Lotus Financial Solution billed $110,000 for bookkeeping, including a $40,000 setup fee and $7,000-per-month charges. The nonprofit it was keeping books for handled fewer than 100 total transactions.
On top of that, lawmakers found the nonprofit had overstated payments by $101,788.50 to Sage Strategies and by $10,974.50 to the law firm Delfino Madden, both due to double counting. The Strong Reader Partnership even bounced checks and incurred overdraft fees for insufficient funds.
Grove did not mince words. She told Lucas and the nonprofit's representatives flatly during Tuesday's hearing:
"Just frankly, you guys failed."
She pressed further on what the program had actually accomplished, pointing out that the nonprofit could not demonstrate its own results independent of the Dollywood Foundation's broader work.
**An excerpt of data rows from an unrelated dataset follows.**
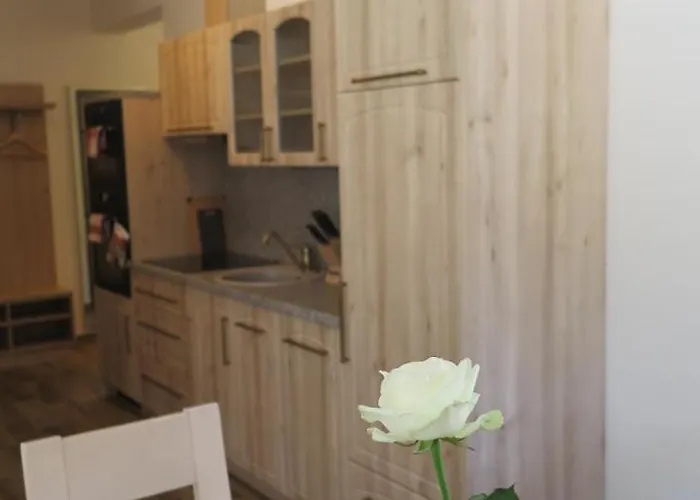 Club Rezidence Pod Luci Apartament *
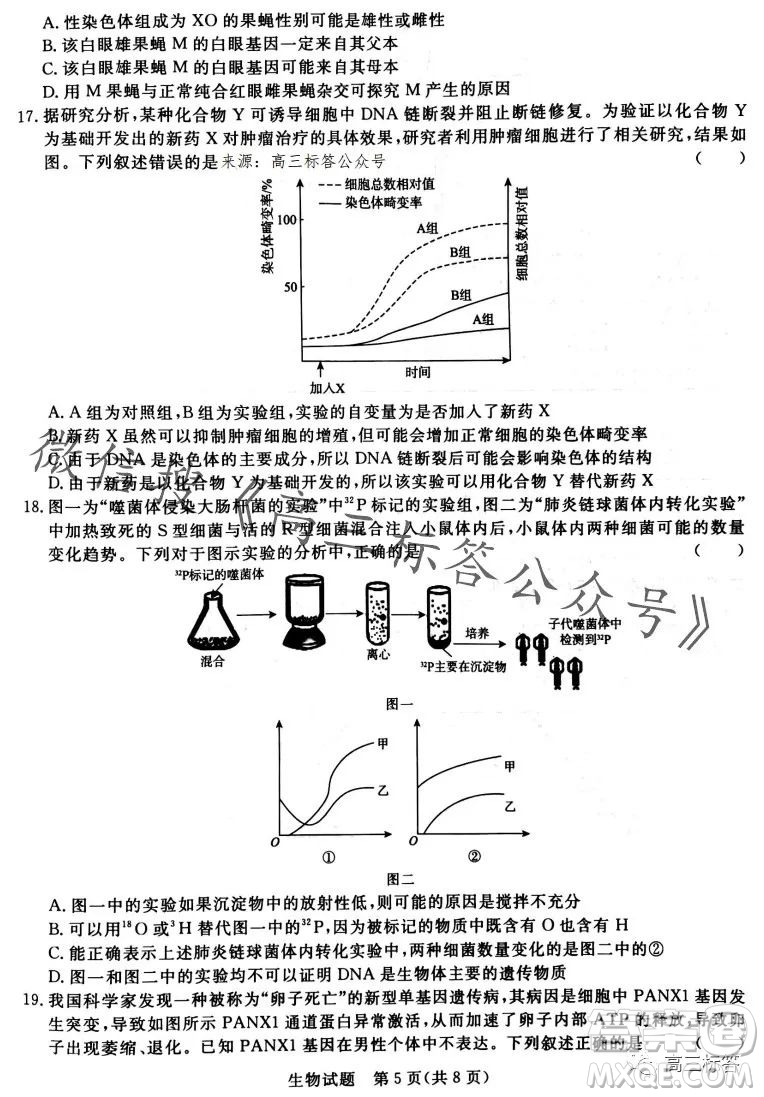 2024屆普通高等學(xué)校招生全國統(tǒng)一考試青桐鳴高三10月大聯(lián)考生物試卷答案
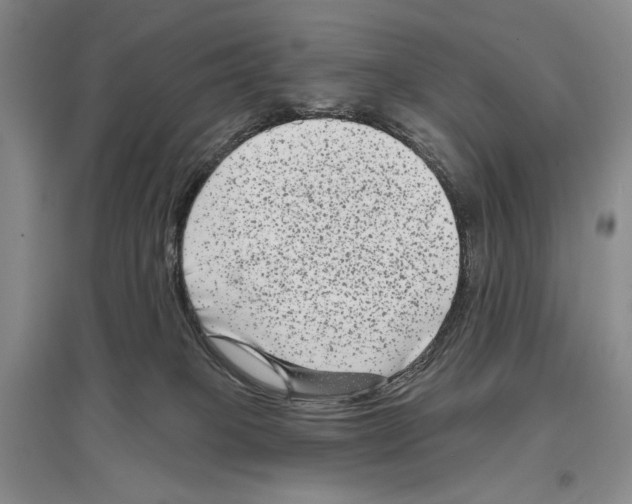 X0000097290085200803141520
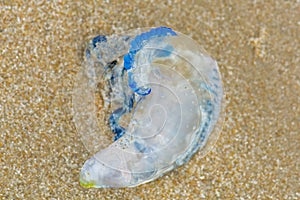 Bluebottle Jellyfish washed up on the sand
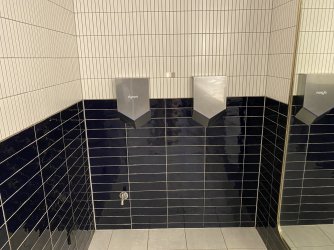 IMG_6017.jpeg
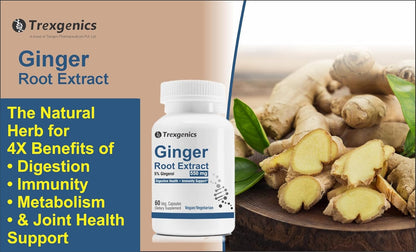 Trexegenics Ginger Root Extract supplement bottle with ginger roots on a wooden surface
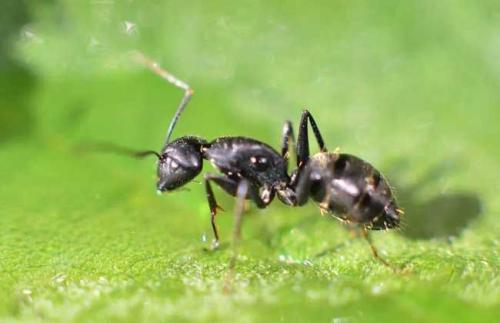 蚂蚁牺牲了它们的殖民地伴侣作为致命消毒的一部分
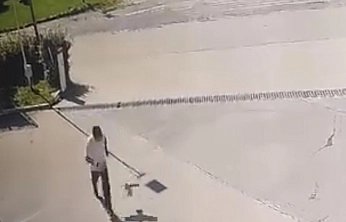Karganın Kovaladığı Kuşun Zor Anları Kamerada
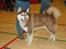 Alaskan malamute Sakima - Hårlev 11 mdr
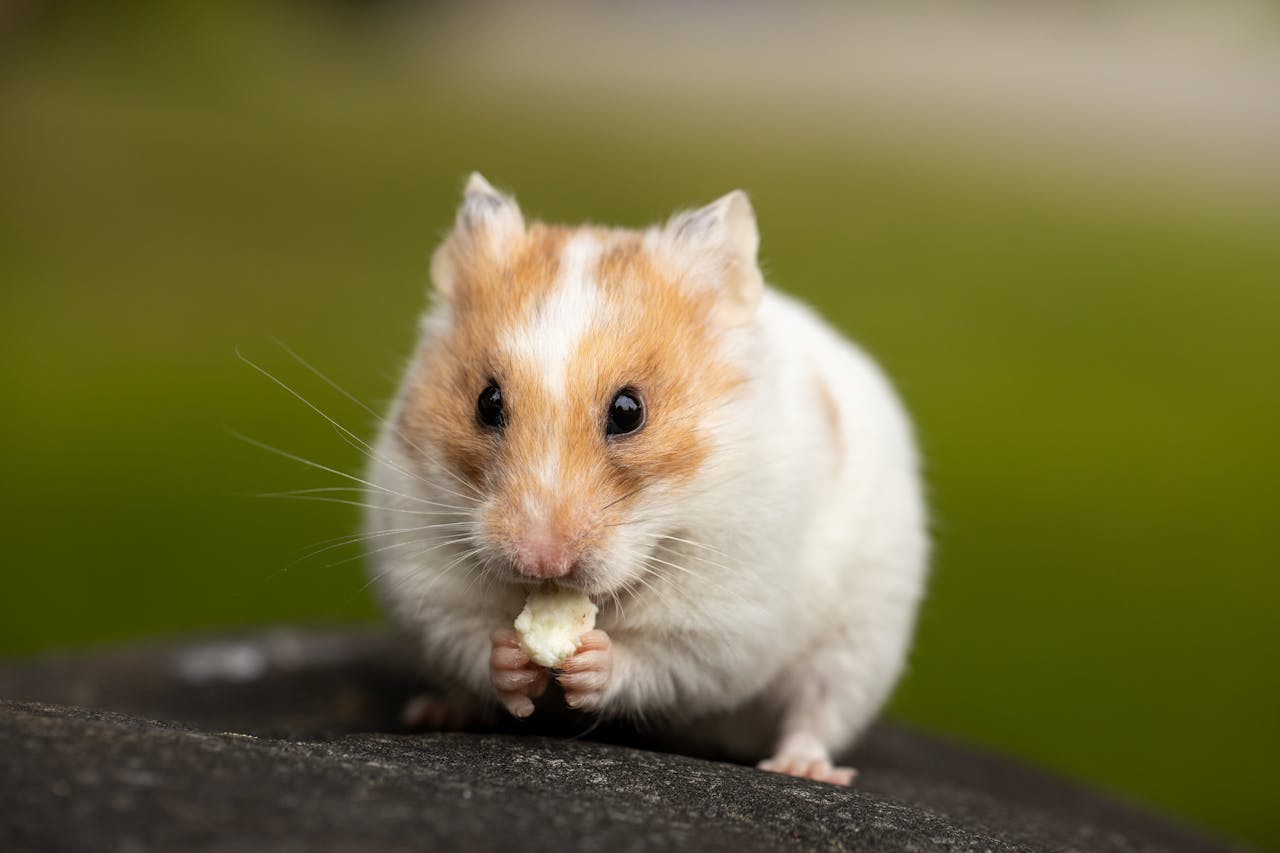 Can You Fly with a Hamster? Your Guide to Airline Travel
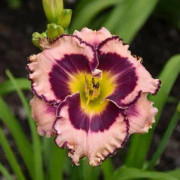 Rainbow Rhythm Pack of 5 Seeds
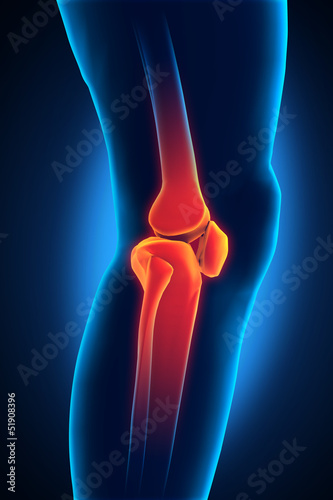 Illustration: Human Knee Anatomy View Human Knee Anatomy View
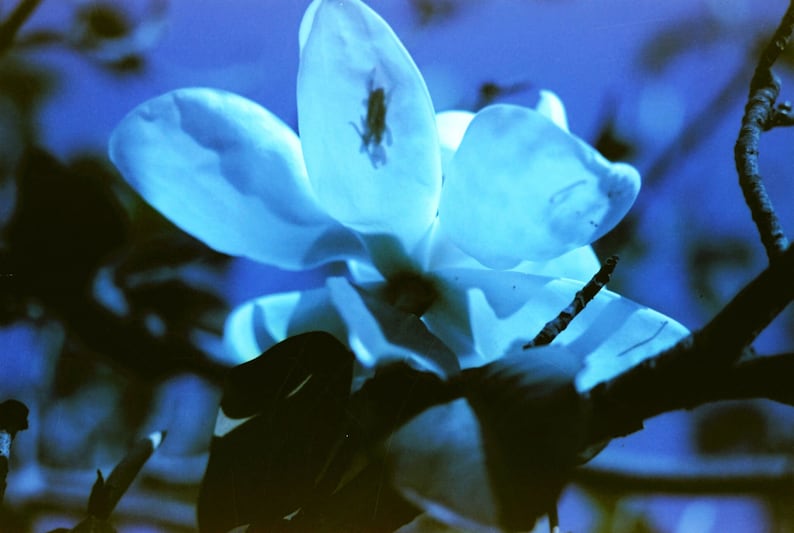 May include: A single white magnolia flower with a blue tint, blooming on a branch against a dark blue background.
As Grove put it:
"You can't tell me what students you enrolled. You're piggybacking and say you get credit for what Dolly Parton's Imagination Library did."
That distinction matters. The Imagination Library itself reported real numbers: between July 2023 and July 2024, the program enrolled 85,401 children in California, including 46,530 new sign-ups. Since June 2023, the program says it has reached 163,104 kids and delivered 2.9 million books statewide. The initial $1.5 million in state funding covered more than 1 million books.
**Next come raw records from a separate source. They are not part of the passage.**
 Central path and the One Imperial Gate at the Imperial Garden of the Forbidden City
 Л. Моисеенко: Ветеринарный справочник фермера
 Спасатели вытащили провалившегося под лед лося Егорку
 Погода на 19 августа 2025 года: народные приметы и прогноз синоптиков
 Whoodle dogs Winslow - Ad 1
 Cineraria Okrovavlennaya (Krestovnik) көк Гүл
The books got delivered. But the Strong Reader Partnership, the middleman, burned through more than a million dollars without producing clear evidence of what it contributed beyond what the Dollywood Foundation was already doing.
Perhaps the most troubling detail to emerge from Tuesday's hearing involves lobbying. Peréz and Grove cited email records showing that Sonya Harris and the Strong Reader Partnership lobbied against a bill that would have removed the nonprofit's control over the book project's money. The contract between the State Library and the Strong Reader Partnership explicitly forbade the nonprofit from lobbying on legislation.
So the nonprofit that was supposed to deliver books to children instead spent time, and possibly resources, fighting to keep its grip on the funding pipeline. That is not what taxpayers signed up for when Sacramento committed $68.2 million to get kids reading.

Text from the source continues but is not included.